They Went Whistling: Women Wayfarers, Warriors, Runaways, and Renegades
At the start of her book, Loudoun County resident and occasional Washingtonian contributor Barbara Holland quotes a proverb: “A whistling woman and a crowing hen, both will come to no good end.” For the next 268 pages, the author carries a beguiling tune.
Holland recounts the lives of women, from Cleopatra to Amelia Earhart to Dian Fossey, who defied social norms to live their own adventures—women like Irish pirate Grace O’Malley, who terrorized the seas with her fleet, and James Barry, a British army surgeon and soldier who, “after a dashing and distinguished career on several continents, retired to London with full honors, died, and was discovered to have been a woman all along.”
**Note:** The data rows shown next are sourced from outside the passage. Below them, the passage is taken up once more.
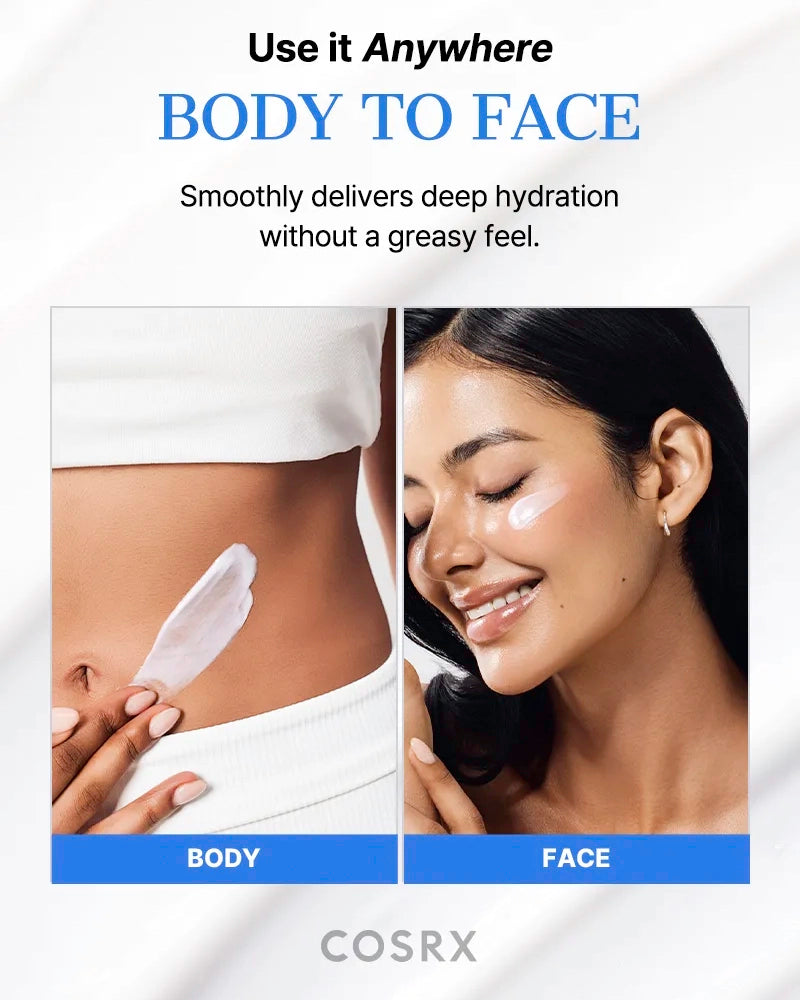 COSRX Skin Barrier Moisturizing Cream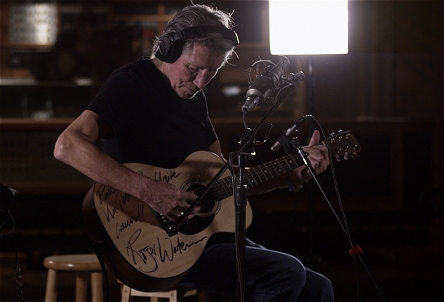 Roger Waters | Martin OM-1 GT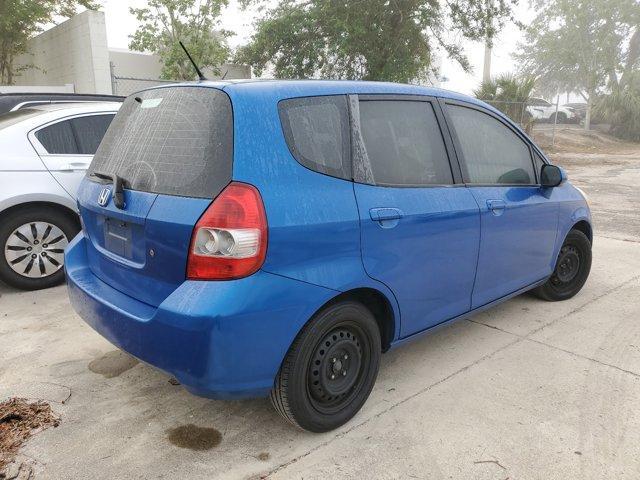 used 2007 Honda Fit car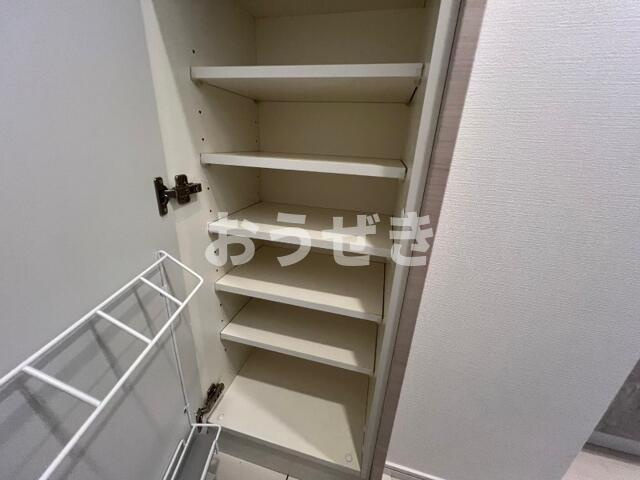 ＳＹＮＥＸ横濱阪東橋Ⅱの収納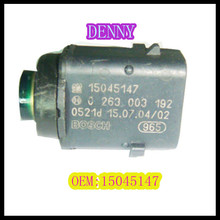 reversing radar 15045147 DHL shipping 5-6 days arrivalReversing radar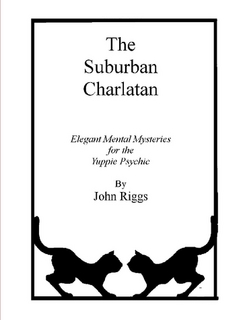 The Suburban Charlatan (image for) The Suburban Charlatan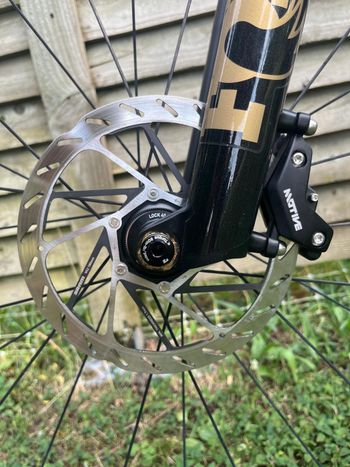 Używany Berria MAKO BR X0 AXS Avec Capteur De Puissance 2026 Mountainbike — zdjęcie 21 z 24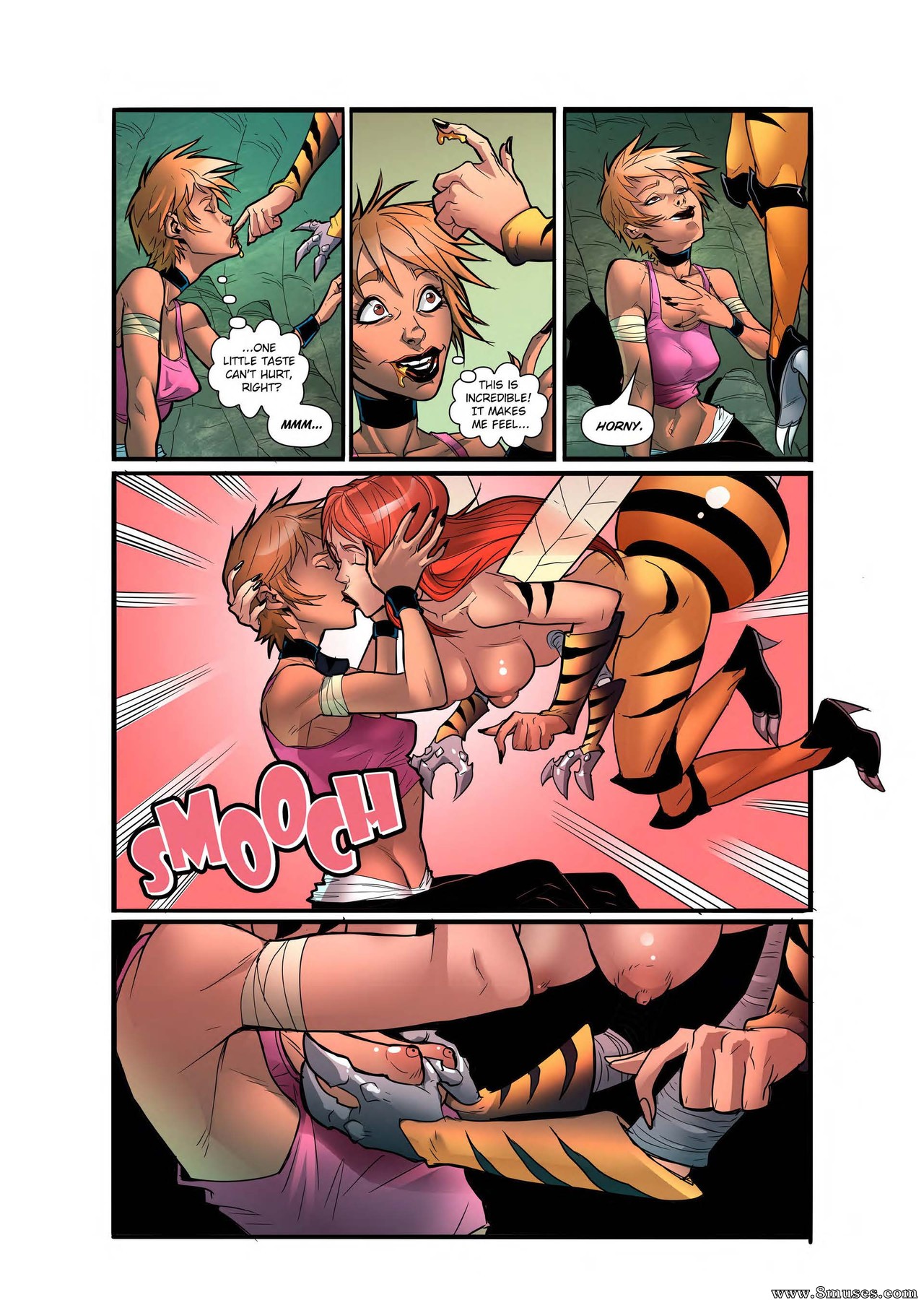 The Hive — page 10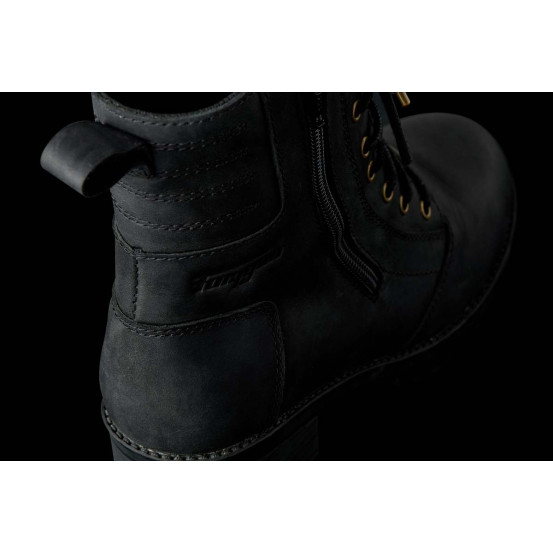 Baskets Femme Furygan JANIS LADY D3O - Noir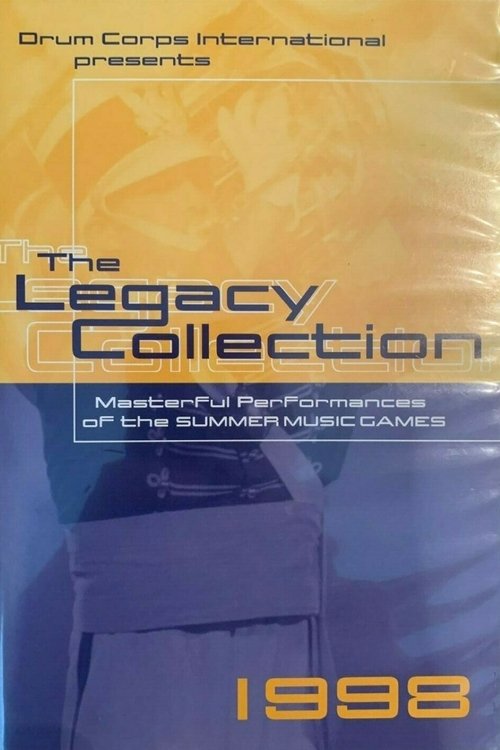 1998 DCI World Championships - Legacy Collection (1998) poster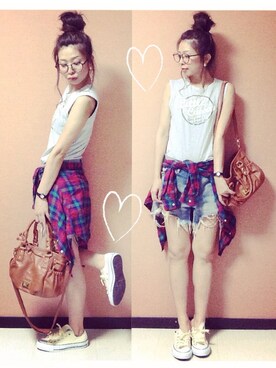 yucaaaaaさんのコーディネート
The book, a series of well-researched vignettes strung together with narrative, could have become a long-winded history lesson, but it’s buoyed by Holland’s sly humor. She scoffs at famous depictions of her adventurers, raising a skeptical eyebrow at George Bernard Shaw’s “silly” Cleopatra in his play Caesar and Cleopatra: “This is absurd. She was merry company, it’s said, but never silly. You could get killed being silly.”
Neither does Holland puff up the women as invincible heroines. Bonnie Parker (of Bonnie and Clyde), she writes, was a “moony little girl, a poetry-reader, a romantic. She could have been my daughter, or yours.”
As the proverb warns, these renegades did not come to a good end—or any end. They live on in the pages of Holland’s entertaining book.